Ci eravamo lasciati con una domanda: Taylor Sheridan riuscirà a chiudere questa immensa stagione? Con il sesto episodio della seconda stagione di 1923, abbiamo avuto la risposta. Ed è davvero brutale.
Sheridan comincia a tirare le fila della sua storia. E lo fa senza utilizzare i guanti. Senza delicatezza, non sistema le cose con eleganza: prende la motosega e taglia, senza guardare in faccia nessuno. Personaggi costruiti con cura vengono spazzati via in un batter d’occhio, il sangue scorre senza tregua, e il racconto si trasforma in una mattanza che lascia lo spettatore stordito. Senza fiato. Non importa se i rami siano secchi o ancora verdi: si pota tutto.

Il risultato è un episodio che, pur mantenendo intatta la potenza emotiva della serie, si prende alcune inaspettate libertà con la trama. Certe scelte narrative sembrano eccessive, altre appaiono addirittura quasi sadiche e dolorose. Ma una cosa è certa: Sheridan non ha pietà per nessuno. Né per i suoi personaggi, né per noi.
E visto che gli eventi si accavallano con un ritmo frenetico, proviamo a ricostruire la puntata seguendo il destino dei personaggi principali.

Teonna Rainwater: la vendetta ha un prezzo

Teonna e il padre affrontano il dolore condividendolo
Credits: Paramount+

Teonna si è ormai lasciata alle spalle l’incubo del collegio cattolico, ma il suo viaggio di fuga si trasforma in un’odissea di sangue. Dopo aver trovato il corpo di Pete Plenty Clouds, capisce che la sua battaglia non è ancora finita. Padre Renaud è sulle sue tracce, e la resa dei conti arriva nel modo più violento possibile.

Il prete, che fin da subito si era capito non essere uno stinco di santo, completa il suo percorso nel sentiero della perdizione uccidendo il maresciallo Kent con una freddezza sconcertante. La scena è di quelle che restano impresse. L’uomo di Dio è stufo di vedere il maresciallo abusare del suo ruolo e gli chiede di smetterla. Non lo fa educatamente ma con la pistola che porta al suo fianco. Una cosa piuttosto sorprendente, che lascia il segno. Ma che intanto chiude una sottotrama.

Quando raggiunge Teonna prima ne ammazza il padre, senza pietà. Poi cerca di costringerla a pentirsi. La ragazza rifiuta il pentimento, rifiuta Dio ed è pronta a raggiungere i suoi antenati.
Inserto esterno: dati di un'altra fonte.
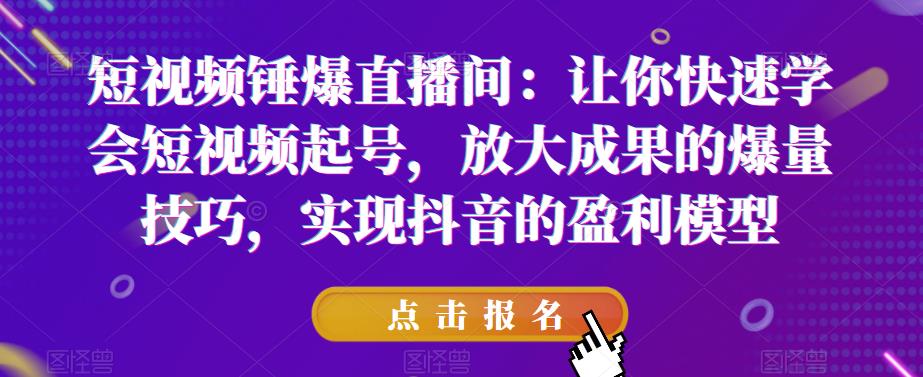 短视频锤爆直播间：让你快速学会短视频起号，放大成果的爆量技巧，实现抖音的盈利模型-成可创学网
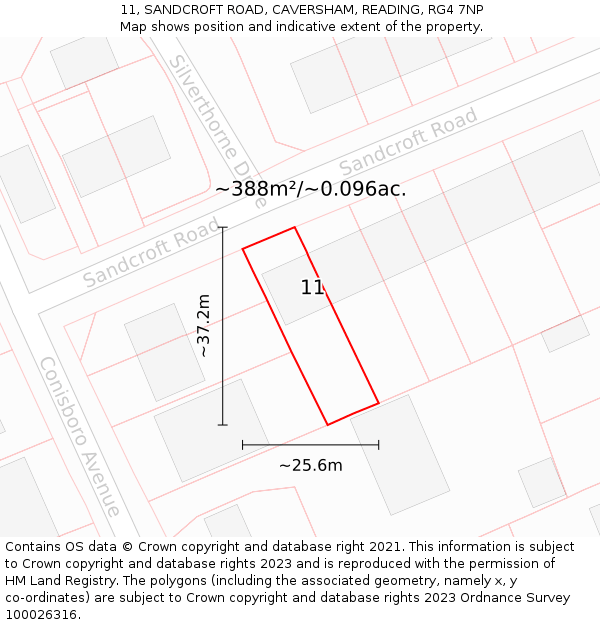 11, SANDCROFT ROAD, CAVERSHAM, READING, RG4 7NP: Plot and title map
Ma la pistola di padre Renaud è scarica e la ragazza può eliminarlo con una brutalità che riflette anni di sofferenza repressa.

Se il pubblico ha tifato per lei sin dall’inizio di 1923, è impossibile non notare che il prezzo pagato è altissimo. Pete è morto, suo padre anche, e lei è rimasta sola con le mani sporche di sangue. Non possiamo dimenticare che, già all’inizio della stagione, aveva ucciso alcune suore. La sua storia è quella di una sopravvissuta, ma a quale costo? Sheridan ci mostra una vendetta che, per quanto giusta, non porta sollievo, solo ulteriore dolore.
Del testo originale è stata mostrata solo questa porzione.